The 2% rule says you can’t risk more than 2% of your entire trading capital on a single trade. For example, if you have $100,000 total to invest, buy a stock for $50, and set a stop loss at $48 (meaning the stock is automatically sold if it falls to $48), you can buy 1000 shares. Your maximum loss is $2 per share, so $2,000, equaling 2% of your entire capital.
However, if you don’t set a stop loss, you could only buy 40 shares, because 40 x $50 = $2,000 and without a stop loss you can, in theory, lose it all.
The 6% rule compliments the 2% rule by stating that if your total losses + open risks in any given month exceed 6% of your total capital, you can’t make any new trades.
Let’s assume this month you’ve taken that $2,000 loss described above already, and have another 4 trades open, with a potential loss of $1,000 each. That comes out to $6,000 and means you shouldn’t make any new trades until the month is up, to make sure you don’t lose more than 6% of your total capital, if the 4 other trades go sour as well.
Pretty simple right? Imposing such arbitrary limits on yourself will make you feel safe and free from worry, because you know you’re taking minimal risks.
My personal take-aways
Such a refreshing set of blinks! So much practical advice. Elder shares a lot of specific rules and tips, which makes this summary feel like I can instantly take what I learned to the trading room (virtually).
I like that in spite of being specific, his advice is still generic enough to help you with trading in general, and not limited to any particular kind of investment, like options, stocks, or futures.

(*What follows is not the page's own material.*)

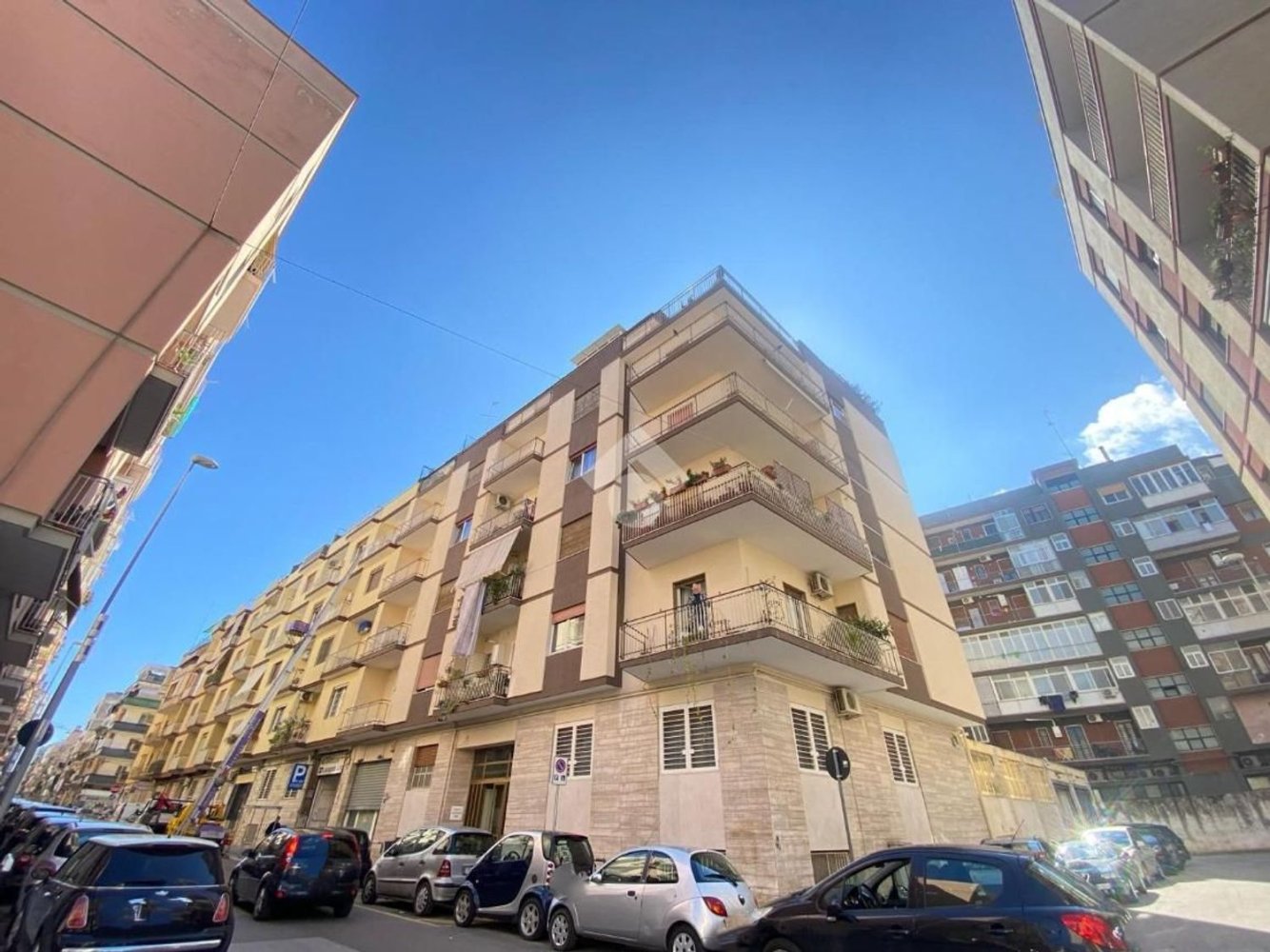 2-Zimmer Penthouse in Bari, Italy, Nr. 166275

Highly recommended to pair this with The Intelligent Investor by Benjamin Graham. Two big thumbs up!
What else can you learn from the blinks?
- What slippage is and why it determines whether you make market orders or limit orders
- How one of Elder’s friends lost all of his money on another rookie mistake
- What professionals do to avoid the market crowd
- The five basic elements of bar chart analysis
- What a support and resistance are, and how they help you determine the mood of the market
- How Elder got stuck with 6,000 shares and what that taught him about liquidity
- What you can do to become your own trading teacher
- How to test the waters with $0
Who would I recommend The New Trading For A Living summary to?
The 14 year old youngster, who’s heard about trading and wants to learn as much as she can before she’s allowed to finally trade herself, the 52 year old, who’s investing on the side, and suffers from high commissions, because he doesn’t have the same funds as a huge hedge fund, and anyone who’s ever gambled some money away and felt bad about it.